Opening-Mode Cracking in Asphalt Pavements: Crack Initiation and Saturation: Fid-Bau Portal

Opening-Mode Cracking in Asphalt Pavements: Crack Initiation and Saturation

H. Yin

This paper investigates the crack initiation and saturation for opening-mode cracking. Using elastic governing equations and a weak form stress boundary condition, we derive an explicit solution of elastic fields in the surface course and obtain the energy release rate, so that opening-mode cracking initiation can be determined by fracture energy criterion. Interestingly, the longitudinal stress between such cracks along the surface undergoes a transition from tensile to compressive with increasing applied tensile loading, which implies crack saturation.
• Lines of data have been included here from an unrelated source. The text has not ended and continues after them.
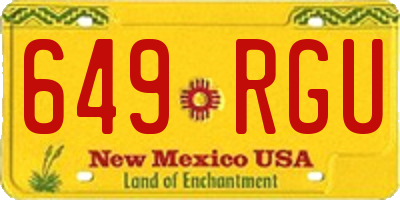 NM license plate 649RGU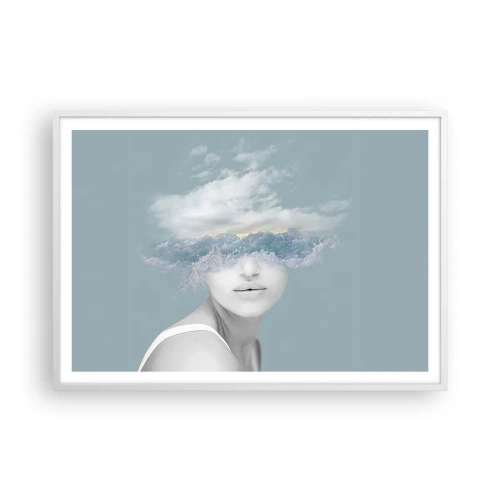Póster en marco blanco - Con la cabeza en las nubes - 100x70 cm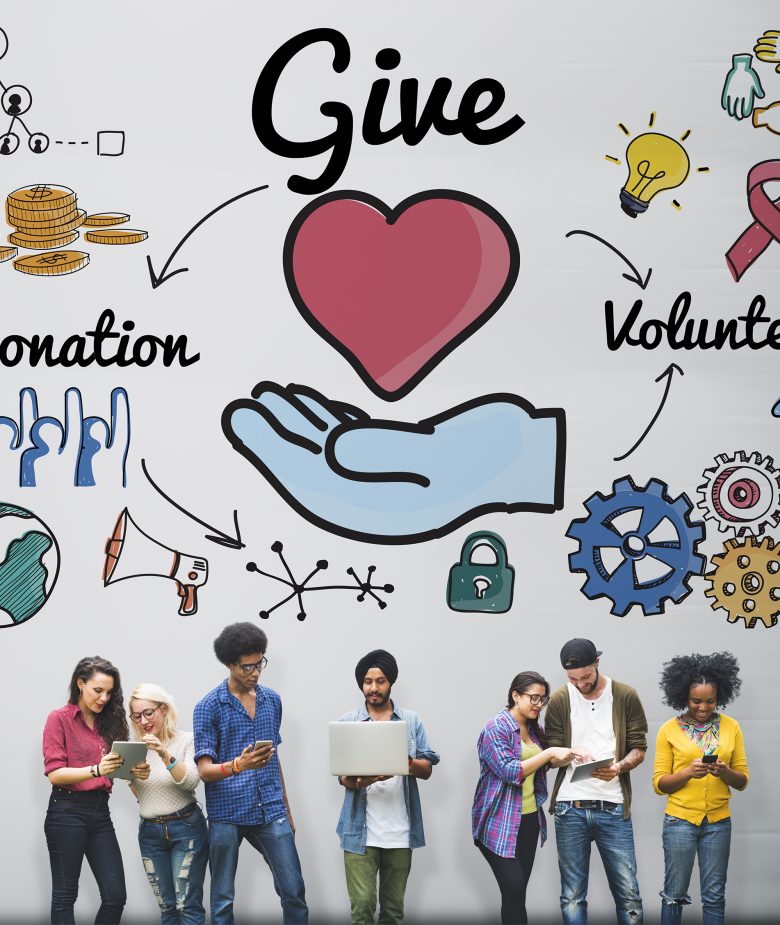 Give Donations Volunteer Welfare Support Concept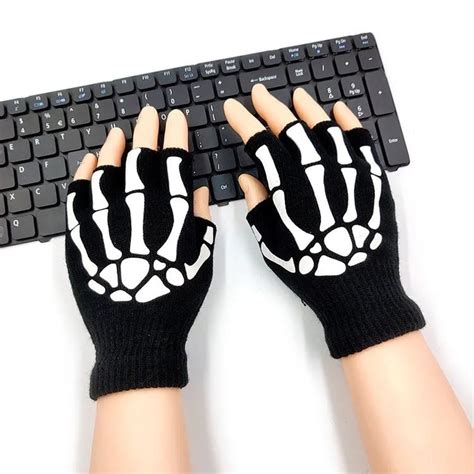 Printing Fluorescent Skeleton Skull Knitted Half Finger Gloves Cool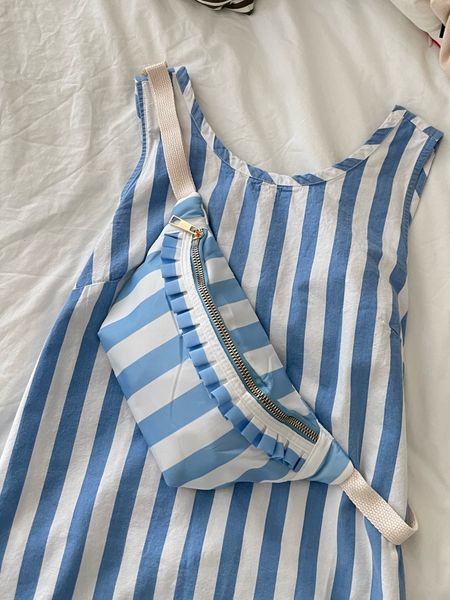 Blue and white striped ruffle Fanny pack. Stoney Clover dupe  

#LTKSeasonal #LTKunder50 #LTKitbag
Opening-mode cracking in asphalt pavements is studied and a two-dimensional closed-form elastic solution of one section from the periodic crack pattern is derived. Using the fracture energy criterion, the proposed model predicts the OMC initiation and saturation. For an intact asphalt pavement, there exists a threshold of mismatch deformation to induce the first OMC. The stiffer the interface, the higher the threshold mismatch deformation. Once the first crack forms, the crack spacing rapidly decreases to a certain value. Therefore, multiple OMCs may simultaneously form. The stiffer the interface, the lower the crack spacing. When crack spacing approaches a certain value, the driven force to produce a new OMC will be significantly high. An asphalt pavement with a stiff interface has a narrow crack spacing range. Given asphalt material properties and loading condition, there exists a critical thickness for the asphalt overlay, below which no OMC can initiate. Therefore, a thinner asphalt overlay may produce better performance for OMCs. Because asphalt materials exhibit viscoelastic behavior, the present elastic formulation may overly predict the OMC crack density. Future work to quantitatively evaluate the effect of the assumptions and release those assumptions is underway.